The theology expressed by Fr. John Romanies was not his, it was not a "Romanidian" theology, but a theology of the Prophets, the Apostles and the Saints throughout the centuries who were made worthy to see God in His Light. This was a theology of the uncreated Light, which is why Fr. John Romanides loved Saint Symeon the New Theologian, Saint Gregory Palamas, and generally all the Philokalic and Neptic Fathers who taught on the one hand, that God is Light and is revealed in Light, and on the other hand, that the method of acquiring a genuine knowledge of God is through sacred quietude, as shown in Holy Scripture, systematized by Saint Gregory Palamas and ensured by the Synods of the fourteenth century, especially the Synod of 1351, which can be rightly classified as the Ninth Ecumenical Synod.
Fr. John Romanides, beyond his family foundations, was a true disciple of the greatest Orthodox theologian of the 20th century, the late Fr. George Florovsky. The same Fr. George Florovsky, in a surviving letter of his, which he sent to a Russian in 1960, after critiquing other theologians of his time, writes in the end: "Generally speaking, there are few theological forces that exist in the Orthodox Church today. I pin my hopes on my student Fr. John Romanides who authored three or four years ago a superior doctoral thesis on the ancestral sin, studying the first two centuries (in Greek at Athens) and is now working near me on his doctorate in philosophy at Harvard. In him, on the other hand, there is rather a tendency towards the side of 'isolationism' - a turning away from the West in all things and being isolated within the Byzantine Tradition, or truth, and remaining at the level of genuine theological culture and deep ecclesiasticality." Also, according to a public testimony of a student of both of them, Fr. George Florovsky said: "Be careful, my son, for that which Father John teaches will not only save your soul, but it will make you a beacon of Orthodoxy in a world torn by assimilation and relations. Your mission as a priest is to teach the truth which remains unto the ages, and this truth you will learn from Father John." Indeed, the theology delivered by Fr. John was a theology that could save a person, and was not a theological intelligence that fills the mind with theological knowledge, but a theology that leads to salvation. It was not a contemplation, but a prophecy, or at least prophetic words.
It is clearly seen in those who reflect on various problems in the theology taught by the late Fr.
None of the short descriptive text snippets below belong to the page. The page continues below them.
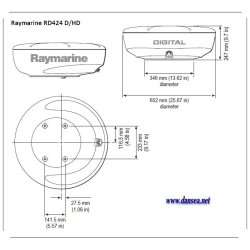 Raymarine RD424 HD Color Radome inkl. 10m radarkabel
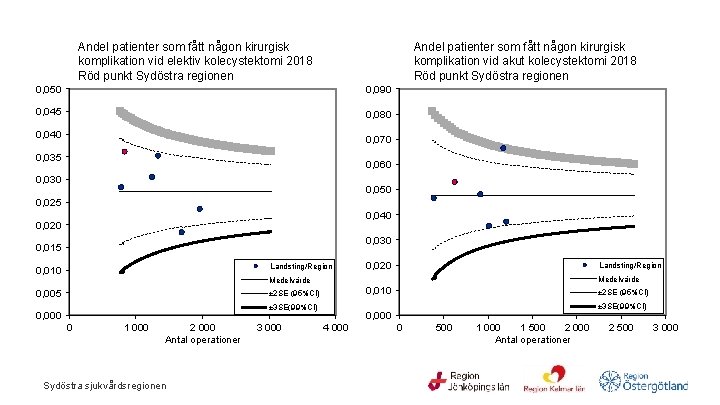 Andel patienter som fått någon kirurgisk komplikation vid elektiv kolecystektomi 2018 Röd punkt Sydöstra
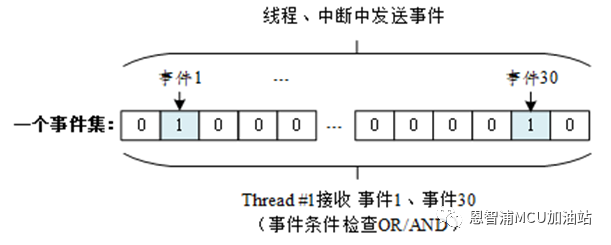 恩智浦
John Romanides that they have accepted various influences from the West, namely Western scholasticism and post-scholasticism, Protestant moralism, German idealism and Slavic nationalism. Unfortunately, such affects have flowed into our country, which is why the theology expressed by Fr. John is important from every side.
In the Conference which will follow after the Divine Liturgy, distinguished scientific theologians will speak, who in various degrees had communication with the late Fr. John and will analyze his life and theological work.
I thank all those who are attending these events to commemorate a great theologian of our time, such as His Eminence Metropolitan Ignatius of Artes, the professors, the monks and nuns, the theological professors, and all those who came from afar to participate in these events. But now it is time to pray for the repose of the soul of Fr. John Romanides among the righteous, whom he so loved.